DATA SECTION section start
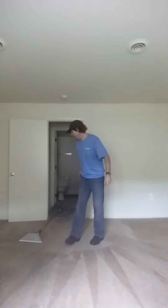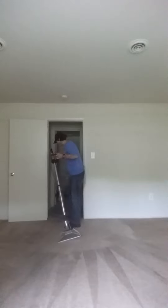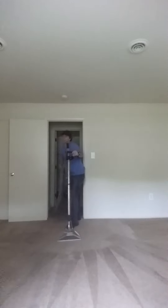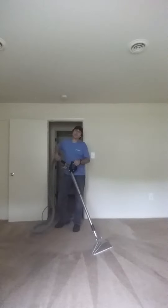John, carpet cleaning shop. Just testing out. I got a new 14-inch titanium wand. It's a lot lighter. A little bit of wear on it. Thing works great.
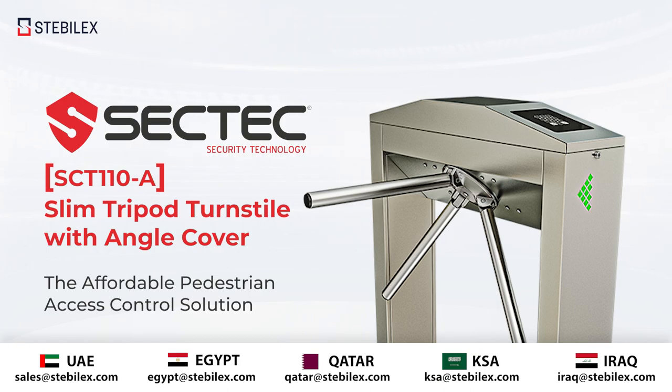SecTech SCT110A slim tripod turnstile with angle cover — the affordable pedestrian access control solution.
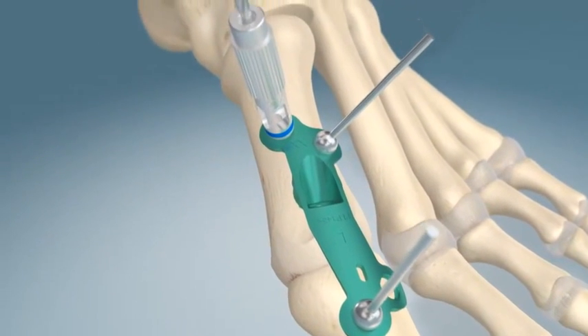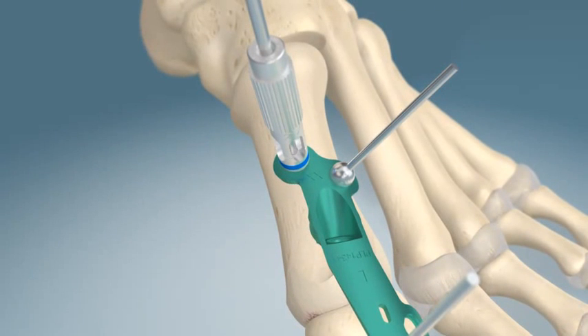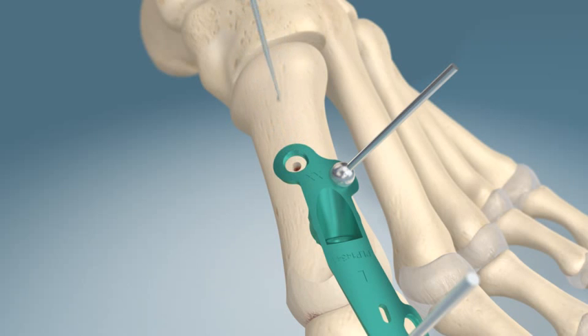Beginning at the most proximal hole, locking drill guides are screwed into the plate to allow for precise screw placement. The proximal holes are reamed and a depth gauge is used to determine screw length. Proximal screws are positioned and locked into the plate.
DATA SECTION section end
EXERCISE AIM
With the pictures left out, return the listing above exactly as it stands.

WRITTEN SOLUTION
John, carpet cleaning shop. Just testing out. I got a new 14-inch titanium wand. It's a lot lighter. A little bit of wear on it. Thing works great.
SecTech SCT110A slim tripod turnstile with angle cover — the affordable pedestrian access control solution.
Beginning at the most proximal hole, locking drill guides are screwed into the plate to allow for precise screw placement. The proximal holes are reamed and a depth gauge is used to determine screw length. Proximal screws are positioned and locked into the plate.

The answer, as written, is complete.